Does surgical intervention, particularly multilevel surgery, for obstructive sleep apnea (OSA) decrease depression and sleepiness?
Background: Previous studies have reported a consistent association between OSA and depression. Associations between sleepiness and sleep-related conditions have been well documented. Sleepiness has not always been a reliable clinical indicator for OSA but has been an independent risk factor associated with depression. The impact of multilevel surgery on depression has not been investigated.
Explore this issue:December 2014
Study design: Prospective cohort study of 44 patients who underwent surgery between August 2008 and November 2012.
Setting: Department of Otolaryngology–Head and Neck Surgery, Johns Hopkins Medical Institutions, Baltimore.

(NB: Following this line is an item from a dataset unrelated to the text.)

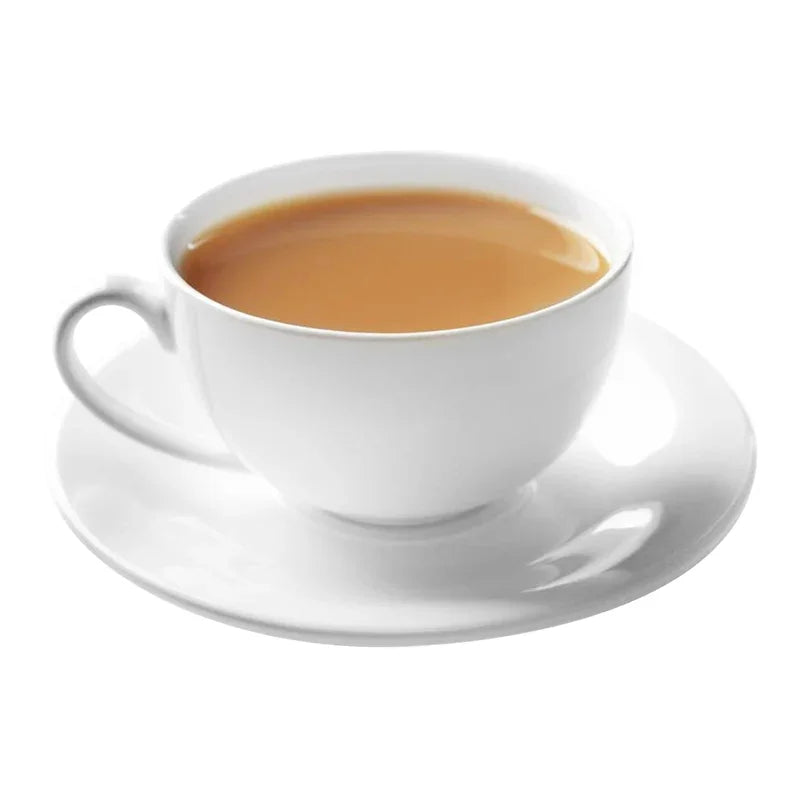 Tasse blanche remplie de thé caramel brûlé sur une soucoupe blanche, fond blanc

Synopsis: Forty patients had moderate or severe OSA, while four patients had mild disease. Single-level surgery was performed in 11 patients; the remaining 33 underwent either two- or three-level surgery. Overall, oropharyngeal surgery was performed in 41 patients, tongue or hypopharynx surgery was performed in 31 patients, and nasal surgery was performed in conjunction with palatal or tongue-base surgery in 16 patients. Surgery relieved depression in nine of 12 patients. There was a significant decrease in Beck Depression Inventory scores in patients who underwent two- or three-site surgery; patients who underwent single-site surgery showed no decrease.
None of the six patients with mild OSA experienced depression. OSA surgery was associated with sleepiness resolution in 17 of 22 patients. There was a significant decrease in Epworth Sleepiness Scale scores in patients who underwent two- or three-site surgery; patients who underwent single-site surgery showed no decrease.

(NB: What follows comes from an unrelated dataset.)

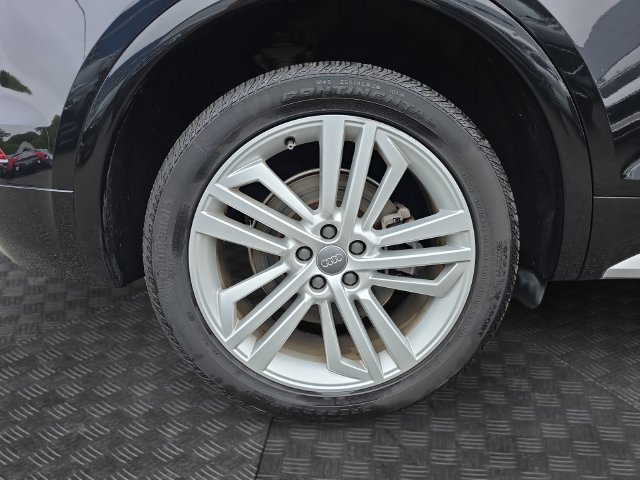 Used 2018 Audi Q5 Prestige w/ Prestige Package AWD/4WD image 39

Limitations of the study include a selection bias favoring more severe symptoms, lack of a control group, and a possible underestimation of depression changes due to an early follow-up.
Bottom line: Multilevel OSA surgery resulted in significantly reduced depression (with resolution in 75% of patients) and significantly reduced sleepiness (resolution in 77% of patients). Sleepiness score reduction, but not OSA severity, was predictive of depression score improvement.